De un lado las personas se encuentran velando por sus propios intereses, como los pensionados de lujo que van a la Sala Cuarta a solicitar amparos porque no pueden vivir con —por ejemplo— ¢8 millones, o los funcionarios que no quieren renunciar a sus privilegios, que ya vimos, son solo para una minoría. Pero al mismo tiempo, nosotros como consumidores compramos bienes de una duración predecible, porque sabemos que en un tiempo —corto— vamos a adquirir la siguiente versión del producto.
Es decir, tenemos un consumo de carácter “desechable”, usamos bolsas plásticas (de un solo uso), en vez de bolsas de tela, o consumimos en botellas desechables en vez de retornables, solo para dar algunos ejemplos sencillos. Y las empresas lo saben, por eso tampoco alientan sistemáticamente mejores prácticas en el consumo, ya que ellos mismos se benefician de ello en el corto plazo).

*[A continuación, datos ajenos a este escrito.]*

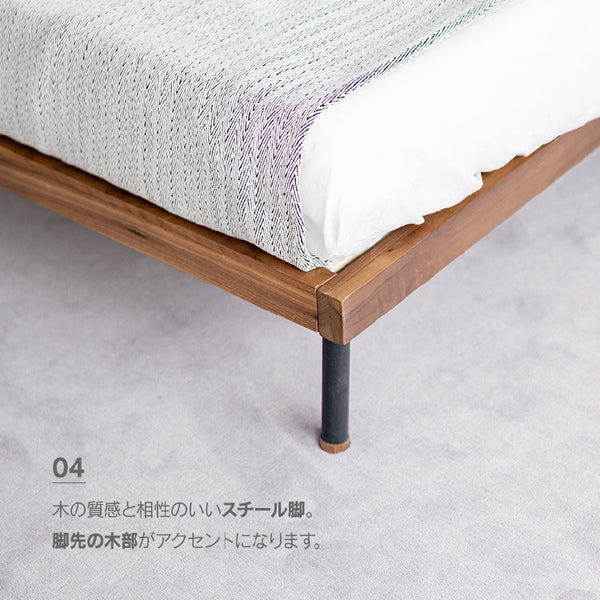 ユニック ベッドフレーム シェルフタイプ #オーク #シングル #スノコ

Al mismo tiempo, las empresas, venden productos menos amigables con el ambiente a precios más accesibles al gran consumidor, sin preocuparse demasiado por las consecuencias de consumir bienes que puedan generar daño al ambiente o a nuestra salud. A la vez, se van de países “caros” para producir en otros con costos salariales más bajos y quizás menores estándares ambientales y laborales.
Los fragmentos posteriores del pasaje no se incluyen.